Required action:
Print the listing as it stands, omitting all images.

***** Provided data *****

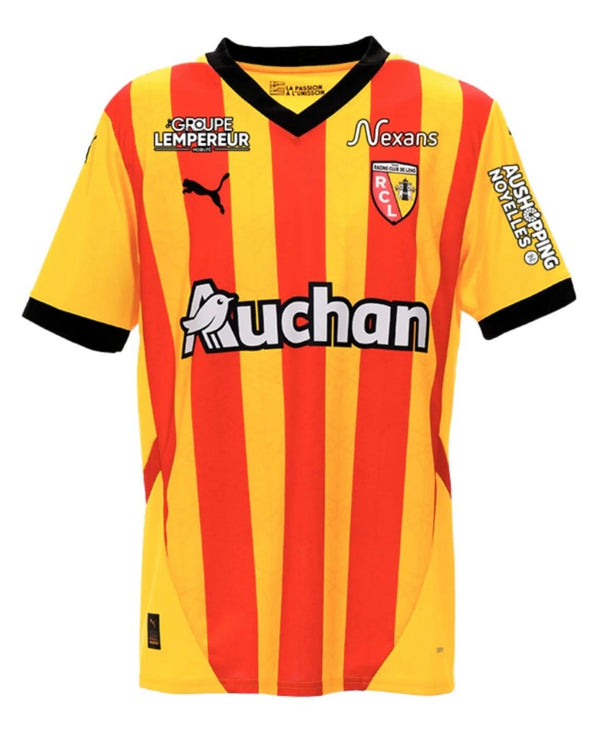 Maillot Rc Lens Home 24/25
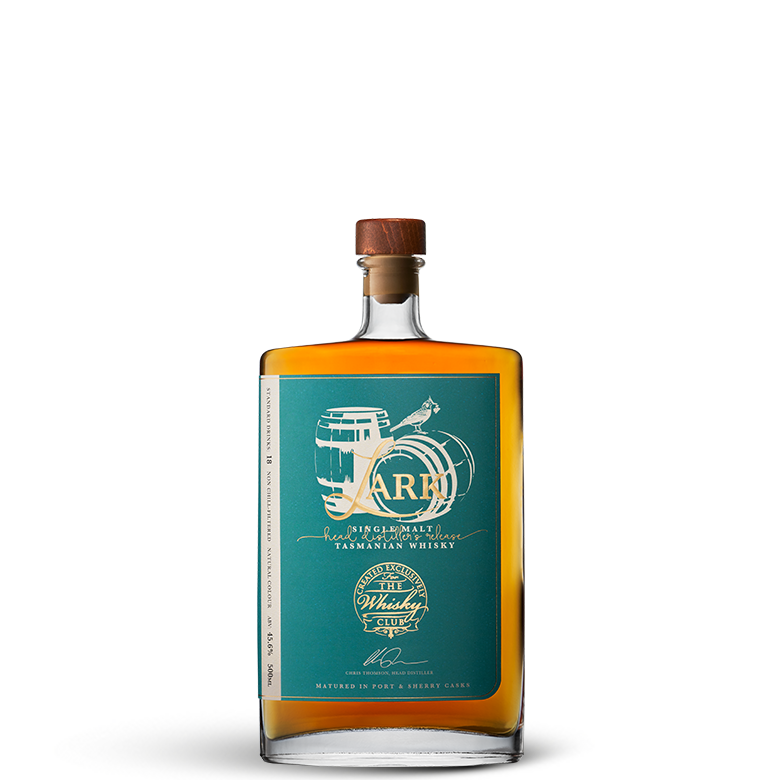 Lark Head Distiller's Release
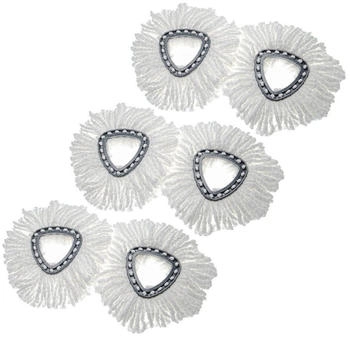 vhbw Wischmopp passend für Vileda Easy Wring & Clean, Turbo Easy Wring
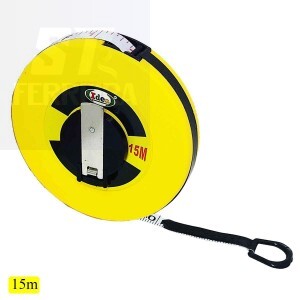 FITA MÉTRICA 15m X 13mm (ID-5414T)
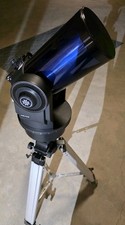 Meade Instruments ETX-125EC Astro Telescope w/Remote,Tripod, Eyepieces,Filters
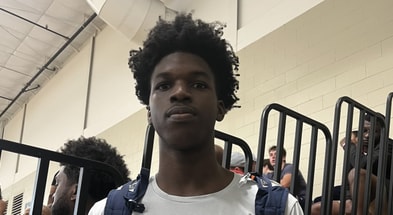 Obinna Ekezie Jr. (Photo: Jacob Polacheck/KSR+)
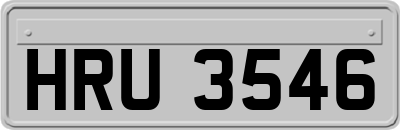 HRU3546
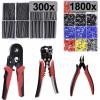 TRU COMPONENTS TC-13377596 sada dutinek částečná izolace 1 sada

*****

Exercise response:
 Maillot Rc Lens Home 24/25
 Lark Head Distiller's Release
 vhbw Wischmopp passend für Vileda Easy Wring & Clean, Turbo Easy Wring
 FITA MÉTRICA 15m X 13mm (ID-5414T)
 Meade Instruments ETX-125EC Astro Telescope w/Remote,Tripod, Eyepieces,Filters
 Obinna Ekezie Jr. (Photo: Jacob Polacheck/KSR+)
 HRU3546
 TRU COMPONENTS TC-13377596 sada dutinek částečná izolace 1 sada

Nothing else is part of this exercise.